**What the exercise asks**
Only the lines from the one containing "Lễ ký kết biên" to the end of the data below belong in the answer, each repeated exactly; no pictures.

--- Given data Enclosed Below ---

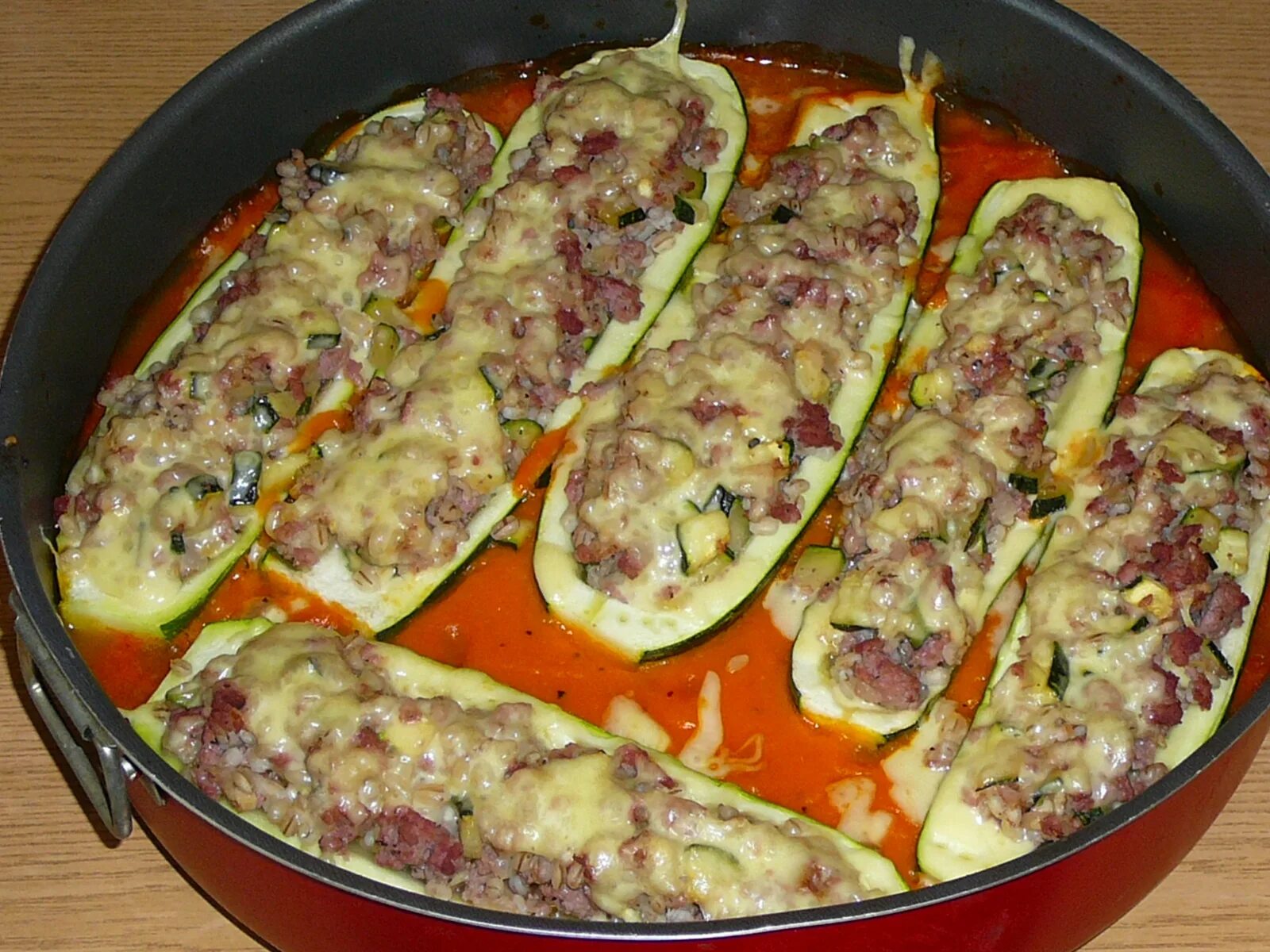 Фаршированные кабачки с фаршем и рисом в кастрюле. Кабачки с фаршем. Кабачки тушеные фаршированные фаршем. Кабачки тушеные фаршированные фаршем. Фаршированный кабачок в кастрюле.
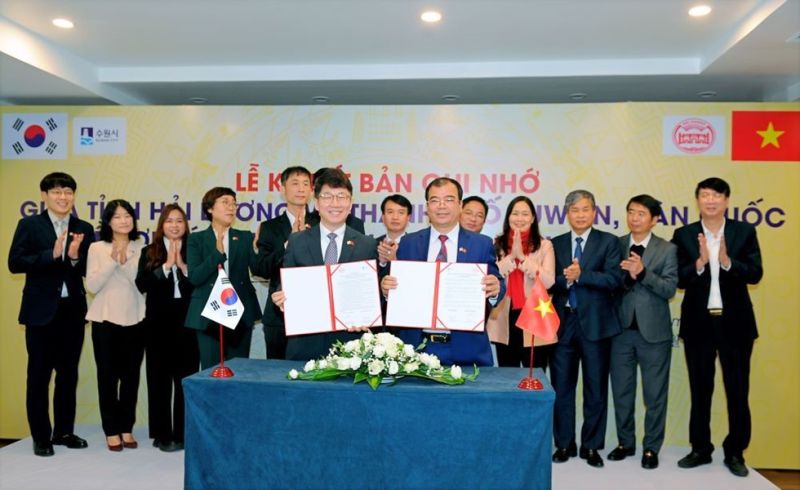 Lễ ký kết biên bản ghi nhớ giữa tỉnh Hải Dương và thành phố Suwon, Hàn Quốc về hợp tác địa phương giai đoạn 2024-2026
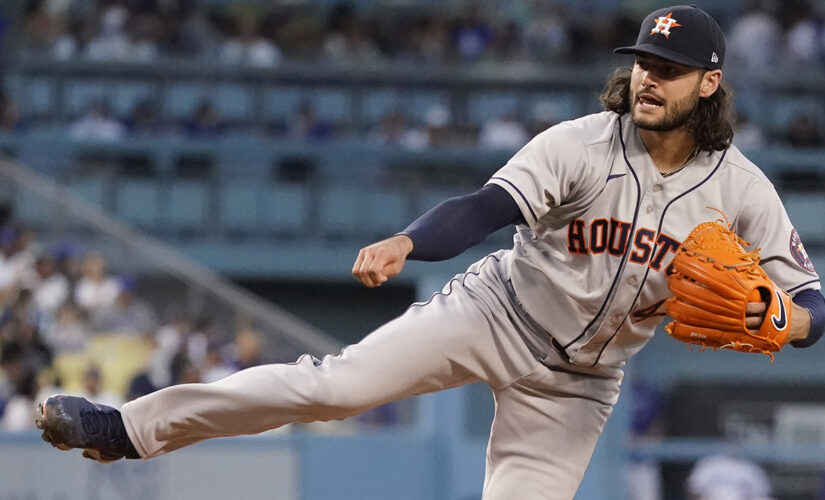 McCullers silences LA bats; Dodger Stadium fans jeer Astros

--- End of Enclosed Given data ---

**Finished exercise**
 Lễ ký kết biên bản ghi nhớ giữa tỉnh Hải Dương và thành phố Suwon, Hàn Quốc về hợp tác địa phương giai đoạn 2024-2026
 McCullers silences LA bats; Dodger Stadium fans jeer Astros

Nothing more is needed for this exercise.